• _ACTION ITEM_:
Beginning at the first line of the data, print each line exactly, stopping after the line that contains "Inna Selsa sandale na visoku petu bež boje 1".

DATA FOR REVIEW below:

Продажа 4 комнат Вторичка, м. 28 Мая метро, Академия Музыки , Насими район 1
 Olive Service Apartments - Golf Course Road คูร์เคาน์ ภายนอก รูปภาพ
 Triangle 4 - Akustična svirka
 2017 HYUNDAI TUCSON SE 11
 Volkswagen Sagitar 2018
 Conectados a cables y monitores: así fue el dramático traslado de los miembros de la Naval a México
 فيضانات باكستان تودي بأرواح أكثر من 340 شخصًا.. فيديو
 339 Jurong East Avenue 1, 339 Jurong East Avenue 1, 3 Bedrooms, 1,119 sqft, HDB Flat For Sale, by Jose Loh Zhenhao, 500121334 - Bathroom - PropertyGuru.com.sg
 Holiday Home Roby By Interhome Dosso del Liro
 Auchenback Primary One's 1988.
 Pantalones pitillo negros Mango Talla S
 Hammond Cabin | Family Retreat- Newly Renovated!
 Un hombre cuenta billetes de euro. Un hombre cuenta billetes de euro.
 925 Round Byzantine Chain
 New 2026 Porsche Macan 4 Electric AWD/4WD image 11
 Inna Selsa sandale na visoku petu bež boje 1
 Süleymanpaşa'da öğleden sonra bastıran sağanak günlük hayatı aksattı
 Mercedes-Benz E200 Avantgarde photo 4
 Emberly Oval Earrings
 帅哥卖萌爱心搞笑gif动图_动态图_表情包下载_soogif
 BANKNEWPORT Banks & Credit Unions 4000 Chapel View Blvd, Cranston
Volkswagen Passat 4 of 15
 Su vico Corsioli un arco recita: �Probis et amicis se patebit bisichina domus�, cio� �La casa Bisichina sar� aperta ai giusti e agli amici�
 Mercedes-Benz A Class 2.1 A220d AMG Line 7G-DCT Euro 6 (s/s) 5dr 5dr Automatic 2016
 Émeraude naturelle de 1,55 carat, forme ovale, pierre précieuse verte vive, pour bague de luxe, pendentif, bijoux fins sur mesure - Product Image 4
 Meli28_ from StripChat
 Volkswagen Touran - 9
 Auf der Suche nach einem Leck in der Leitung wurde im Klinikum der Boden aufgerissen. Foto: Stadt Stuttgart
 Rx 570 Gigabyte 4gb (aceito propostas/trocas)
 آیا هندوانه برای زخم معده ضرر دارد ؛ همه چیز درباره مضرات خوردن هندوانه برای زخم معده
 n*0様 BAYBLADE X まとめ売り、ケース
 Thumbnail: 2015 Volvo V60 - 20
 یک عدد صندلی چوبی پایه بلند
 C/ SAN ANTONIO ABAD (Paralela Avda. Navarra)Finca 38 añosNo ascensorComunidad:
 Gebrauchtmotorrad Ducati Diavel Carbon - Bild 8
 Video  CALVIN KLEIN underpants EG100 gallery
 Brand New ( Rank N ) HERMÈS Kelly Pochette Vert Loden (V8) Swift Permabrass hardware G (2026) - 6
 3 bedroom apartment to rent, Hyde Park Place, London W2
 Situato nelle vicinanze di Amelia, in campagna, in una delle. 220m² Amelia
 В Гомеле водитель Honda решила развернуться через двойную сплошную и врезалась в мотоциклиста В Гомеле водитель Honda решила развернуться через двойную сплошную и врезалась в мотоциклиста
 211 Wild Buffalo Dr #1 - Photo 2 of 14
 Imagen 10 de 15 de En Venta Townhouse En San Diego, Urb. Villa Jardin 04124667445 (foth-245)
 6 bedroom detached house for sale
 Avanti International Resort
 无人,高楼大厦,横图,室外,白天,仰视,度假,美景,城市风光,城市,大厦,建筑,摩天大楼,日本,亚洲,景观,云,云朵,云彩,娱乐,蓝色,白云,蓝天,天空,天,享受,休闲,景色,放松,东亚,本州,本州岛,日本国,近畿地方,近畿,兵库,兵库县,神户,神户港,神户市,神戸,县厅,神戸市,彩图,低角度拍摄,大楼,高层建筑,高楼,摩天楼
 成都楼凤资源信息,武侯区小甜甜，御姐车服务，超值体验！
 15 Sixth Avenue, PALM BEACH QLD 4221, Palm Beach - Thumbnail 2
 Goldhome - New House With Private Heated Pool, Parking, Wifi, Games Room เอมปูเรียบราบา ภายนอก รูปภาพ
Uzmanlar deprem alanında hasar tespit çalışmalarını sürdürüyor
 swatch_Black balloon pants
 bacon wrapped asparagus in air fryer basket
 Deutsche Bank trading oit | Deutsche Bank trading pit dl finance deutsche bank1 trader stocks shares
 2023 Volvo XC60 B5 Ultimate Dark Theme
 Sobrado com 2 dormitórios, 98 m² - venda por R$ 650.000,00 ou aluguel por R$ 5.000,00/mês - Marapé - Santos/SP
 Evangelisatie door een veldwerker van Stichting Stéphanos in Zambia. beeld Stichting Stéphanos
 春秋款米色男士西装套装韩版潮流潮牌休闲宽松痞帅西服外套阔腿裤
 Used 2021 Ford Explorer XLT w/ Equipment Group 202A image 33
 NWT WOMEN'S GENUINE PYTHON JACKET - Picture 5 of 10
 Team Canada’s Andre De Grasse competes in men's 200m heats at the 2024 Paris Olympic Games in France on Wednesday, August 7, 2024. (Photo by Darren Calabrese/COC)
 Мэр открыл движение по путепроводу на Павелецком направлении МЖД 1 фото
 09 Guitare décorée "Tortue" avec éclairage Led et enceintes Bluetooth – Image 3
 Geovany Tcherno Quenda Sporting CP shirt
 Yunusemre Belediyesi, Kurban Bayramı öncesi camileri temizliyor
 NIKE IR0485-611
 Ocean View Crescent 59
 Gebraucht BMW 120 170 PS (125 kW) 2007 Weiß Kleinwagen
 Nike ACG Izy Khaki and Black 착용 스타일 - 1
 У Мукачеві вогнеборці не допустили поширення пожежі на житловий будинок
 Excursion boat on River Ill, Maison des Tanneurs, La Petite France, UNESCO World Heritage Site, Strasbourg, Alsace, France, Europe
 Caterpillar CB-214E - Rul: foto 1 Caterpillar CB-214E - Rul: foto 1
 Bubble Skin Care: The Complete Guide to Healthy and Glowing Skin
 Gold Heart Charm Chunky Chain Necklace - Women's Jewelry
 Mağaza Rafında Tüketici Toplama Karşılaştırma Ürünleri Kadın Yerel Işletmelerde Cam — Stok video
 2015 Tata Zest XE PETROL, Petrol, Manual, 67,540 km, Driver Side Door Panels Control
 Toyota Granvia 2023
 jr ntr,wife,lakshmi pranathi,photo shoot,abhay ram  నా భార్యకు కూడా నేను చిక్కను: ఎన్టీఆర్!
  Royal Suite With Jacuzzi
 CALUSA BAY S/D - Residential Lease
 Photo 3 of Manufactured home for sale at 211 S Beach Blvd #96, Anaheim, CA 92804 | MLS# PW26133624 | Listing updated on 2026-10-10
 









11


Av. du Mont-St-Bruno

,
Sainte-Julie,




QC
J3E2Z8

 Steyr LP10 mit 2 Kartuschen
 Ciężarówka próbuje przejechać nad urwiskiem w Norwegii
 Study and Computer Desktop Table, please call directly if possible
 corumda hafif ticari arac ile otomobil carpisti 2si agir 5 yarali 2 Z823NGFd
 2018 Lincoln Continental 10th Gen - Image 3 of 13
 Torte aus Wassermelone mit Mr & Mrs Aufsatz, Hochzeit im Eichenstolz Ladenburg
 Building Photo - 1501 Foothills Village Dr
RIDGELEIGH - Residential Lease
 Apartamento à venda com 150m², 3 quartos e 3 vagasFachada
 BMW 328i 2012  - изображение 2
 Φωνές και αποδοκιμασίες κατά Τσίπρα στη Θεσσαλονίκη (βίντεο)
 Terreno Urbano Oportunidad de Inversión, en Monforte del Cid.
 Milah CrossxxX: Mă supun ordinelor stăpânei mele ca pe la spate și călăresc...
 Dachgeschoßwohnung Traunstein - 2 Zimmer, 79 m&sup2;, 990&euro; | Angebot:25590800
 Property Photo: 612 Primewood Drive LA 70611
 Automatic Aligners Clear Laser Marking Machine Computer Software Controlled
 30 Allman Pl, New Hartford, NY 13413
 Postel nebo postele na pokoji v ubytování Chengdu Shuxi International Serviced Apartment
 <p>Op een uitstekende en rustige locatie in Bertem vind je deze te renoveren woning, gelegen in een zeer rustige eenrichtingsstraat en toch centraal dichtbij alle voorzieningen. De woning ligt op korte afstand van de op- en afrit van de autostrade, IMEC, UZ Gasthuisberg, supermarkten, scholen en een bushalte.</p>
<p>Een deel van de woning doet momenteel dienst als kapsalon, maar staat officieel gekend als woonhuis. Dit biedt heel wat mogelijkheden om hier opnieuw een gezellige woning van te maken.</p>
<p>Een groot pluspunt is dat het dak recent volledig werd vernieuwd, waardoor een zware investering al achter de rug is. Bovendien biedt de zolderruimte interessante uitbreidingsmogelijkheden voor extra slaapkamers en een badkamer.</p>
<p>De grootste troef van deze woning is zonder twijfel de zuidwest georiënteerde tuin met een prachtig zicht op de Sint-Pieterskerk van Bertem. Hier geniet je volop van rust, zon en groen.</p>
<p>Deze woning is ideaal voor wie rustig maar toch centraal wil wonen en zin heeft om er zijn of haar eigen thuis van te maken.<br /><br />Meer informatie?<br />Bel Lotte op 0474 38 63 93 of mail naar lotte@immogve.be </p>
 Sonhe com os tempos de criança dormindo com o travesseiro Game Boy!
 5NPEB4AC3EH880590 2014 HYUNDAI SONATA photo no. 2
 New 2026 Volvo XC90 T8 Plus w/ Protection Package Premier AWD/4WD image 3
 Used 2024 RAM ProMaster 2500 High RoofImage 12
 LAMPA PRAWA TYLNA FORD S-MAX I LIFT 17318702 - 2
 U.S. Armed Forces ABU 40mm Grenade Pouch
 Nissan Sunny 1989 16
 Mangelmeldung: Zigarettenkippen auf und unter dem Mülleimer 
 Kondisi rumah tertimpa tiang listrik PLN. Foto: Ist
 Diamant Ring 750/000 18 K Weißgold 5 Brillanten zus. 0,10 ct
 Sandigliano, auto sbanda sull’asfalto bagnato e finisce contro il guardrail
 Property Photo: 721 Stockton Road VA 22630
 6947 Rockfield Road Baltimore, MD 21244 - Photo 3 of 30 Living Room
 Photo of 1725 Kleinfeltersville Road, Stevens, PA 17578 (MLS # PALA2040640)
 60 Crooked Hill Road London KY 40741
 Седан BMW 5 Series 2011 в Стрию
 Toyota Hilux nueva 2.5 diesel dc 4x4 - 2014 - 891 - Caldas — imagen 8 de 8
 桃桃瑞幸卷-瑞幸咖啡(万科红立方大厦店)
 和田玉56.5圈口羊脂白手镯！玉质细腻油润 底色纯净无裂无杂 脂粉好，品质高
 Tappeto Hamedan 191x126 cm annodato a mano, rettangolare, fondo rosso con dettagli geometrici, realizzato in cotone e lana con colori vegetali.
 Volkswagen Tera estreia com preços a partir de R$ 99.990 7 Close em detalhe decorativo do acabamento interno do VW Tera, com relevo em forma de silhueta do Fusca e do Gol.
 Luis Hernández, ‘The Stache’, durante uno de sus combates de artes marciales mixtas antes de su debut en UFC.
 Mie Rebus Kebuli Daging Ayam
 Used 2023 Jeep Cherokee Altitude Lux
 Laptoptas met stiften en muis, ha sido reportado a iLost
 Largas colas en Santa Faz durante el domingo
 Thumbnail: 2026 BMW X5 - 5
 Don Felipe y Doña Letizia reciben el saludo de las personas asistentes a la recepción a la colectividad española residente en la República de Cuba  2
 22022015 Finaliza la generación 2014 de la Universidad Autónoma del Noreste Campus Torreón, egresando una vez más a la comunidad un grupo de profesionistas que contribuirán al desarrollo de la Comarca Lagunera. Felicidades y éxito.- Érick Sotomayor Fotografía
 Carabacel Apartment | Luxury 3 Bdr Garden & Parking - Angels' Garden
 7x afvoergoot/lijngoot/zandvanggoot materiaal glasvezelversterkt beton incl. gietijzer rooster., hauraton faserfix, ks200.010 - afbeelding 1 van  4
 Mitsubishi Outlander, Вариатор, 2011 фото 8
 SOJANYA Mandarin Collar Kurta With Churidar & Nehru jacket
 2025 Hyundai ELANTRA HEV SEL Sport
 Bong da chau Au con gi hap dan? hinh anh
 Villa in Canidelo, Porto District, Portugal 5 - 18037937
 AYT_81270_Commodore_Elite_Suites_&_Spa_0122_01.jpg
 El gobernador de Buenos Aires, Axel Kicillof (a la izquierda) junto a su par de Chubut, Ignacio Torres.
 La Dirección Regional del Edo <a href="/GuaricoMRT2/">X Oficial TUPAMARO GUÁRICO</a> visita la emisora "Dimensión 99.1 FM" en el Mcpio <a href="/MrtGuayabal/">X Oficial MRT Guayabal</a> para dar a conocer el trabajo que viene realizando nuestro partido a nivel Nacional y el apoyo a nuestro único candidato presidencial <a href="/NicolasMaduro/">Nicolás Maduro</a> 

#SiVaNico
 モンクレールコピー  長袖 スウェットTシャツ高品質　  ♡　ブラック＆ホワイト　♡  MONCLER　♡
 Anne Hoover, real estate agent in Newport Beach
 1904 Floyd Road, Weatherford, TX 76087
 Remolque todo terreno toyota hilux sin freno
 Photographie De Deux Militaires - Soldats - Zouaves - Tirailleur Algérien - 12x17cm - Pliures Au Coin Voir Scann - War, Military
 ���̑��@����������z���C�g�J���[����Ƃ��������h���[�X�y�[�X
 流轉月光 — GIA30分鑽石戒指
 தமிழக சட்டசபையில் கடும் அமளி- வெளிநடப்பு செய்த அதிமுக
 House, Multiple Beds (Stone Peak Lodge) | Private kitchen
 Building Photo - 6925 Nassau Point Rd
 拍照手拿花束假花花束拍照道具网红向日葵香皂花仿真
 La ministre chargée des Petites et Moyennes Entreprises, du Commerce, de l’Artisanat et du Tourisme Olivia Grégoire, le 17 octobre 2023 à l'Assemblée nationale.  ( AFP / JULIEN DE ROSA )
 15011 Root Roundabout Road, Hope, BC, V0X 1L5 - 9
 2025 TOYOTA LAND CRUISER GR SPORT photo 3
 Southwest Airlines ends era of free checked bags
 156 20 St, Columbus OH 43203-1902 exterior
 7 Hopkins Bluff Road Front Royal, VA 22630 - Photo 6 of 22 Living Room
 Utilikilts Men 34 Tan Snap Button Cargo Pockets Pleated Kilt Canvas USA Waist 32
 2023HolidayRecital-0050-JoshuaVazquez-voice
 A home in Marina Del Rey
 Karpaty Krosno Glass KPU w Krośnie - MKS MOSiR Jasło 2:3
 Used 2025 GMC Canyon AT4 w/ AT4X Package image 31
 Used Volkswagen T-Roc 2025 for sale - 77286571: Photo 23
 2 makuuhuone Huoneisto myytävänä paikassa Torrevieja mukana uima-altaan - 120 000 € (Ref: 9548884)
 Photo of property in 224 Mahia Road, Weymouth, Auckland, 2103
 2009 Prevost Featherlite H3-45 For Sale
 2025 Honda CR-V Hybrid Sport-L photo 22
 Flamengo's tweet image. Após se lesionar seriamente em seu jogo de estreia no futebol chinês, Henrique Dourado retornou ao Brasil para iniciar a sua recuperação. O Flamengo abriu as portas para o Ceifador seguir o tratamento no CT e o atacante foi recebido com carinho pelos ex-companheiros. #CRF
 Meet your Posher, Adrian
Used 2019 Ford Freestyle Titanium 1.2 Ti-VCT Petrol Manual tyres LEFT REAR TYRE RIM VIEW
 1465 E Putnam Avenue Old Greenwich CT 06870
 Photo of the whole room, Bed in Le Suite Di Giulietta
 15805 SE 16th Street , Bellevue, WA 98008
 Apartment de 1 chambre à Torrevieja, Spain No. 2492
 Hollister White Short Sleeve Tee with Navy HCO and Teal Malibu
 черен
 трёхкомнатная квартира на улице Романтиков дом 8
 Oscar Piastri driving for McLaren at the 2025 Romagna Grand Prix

End of DATA FOR REVIEW.

• _TASK OUTPUT_:
Продажа 4 комнат Вторичка, м. 28 Мая метро, Академия Музыки , Насими район 1
 Olive Service Apartments - Golf Course Road คูร์เคาน์ ภายนอก รูปภาพ
 Triangle 4 - Akustična svirka
 2017 HYUNDAI TUCSON SE 11
 Volkswagen Sagitar 2018
 Conectados a cables y monitores: así fue el dramático traslado de los miembros de la Naval a México
 فيضانات باكستان تودي بأرواح أكثر من 340 شخصًا.. فيديو
 339 Jurong East Avenue 1, 339 Jurong East Avenue 1, 3 Bedrooms, 1,119 sqft, HDB Flat For Sale, by Jose Loh Zhenhao, 500121334 - Bathroom - PropertyGuru.com.sg
 Holiday Home Roby By Interhome Dosso del Liro
 Auchenback Primary One's 1988.
 Pantalones pitillo negros Mango Talla S
 Hammond Cabin | Family Retreat- Newly Renovated!
 Un hombre cuenta billetes de euro. Un hombre cuenta billetes de euro.
 925 Round Byzantine Chain
 New 2026 Porsche Macan 4 Electric AWD/4WD image 11
 Inna Selsa sandale na visoku petu bež boje 1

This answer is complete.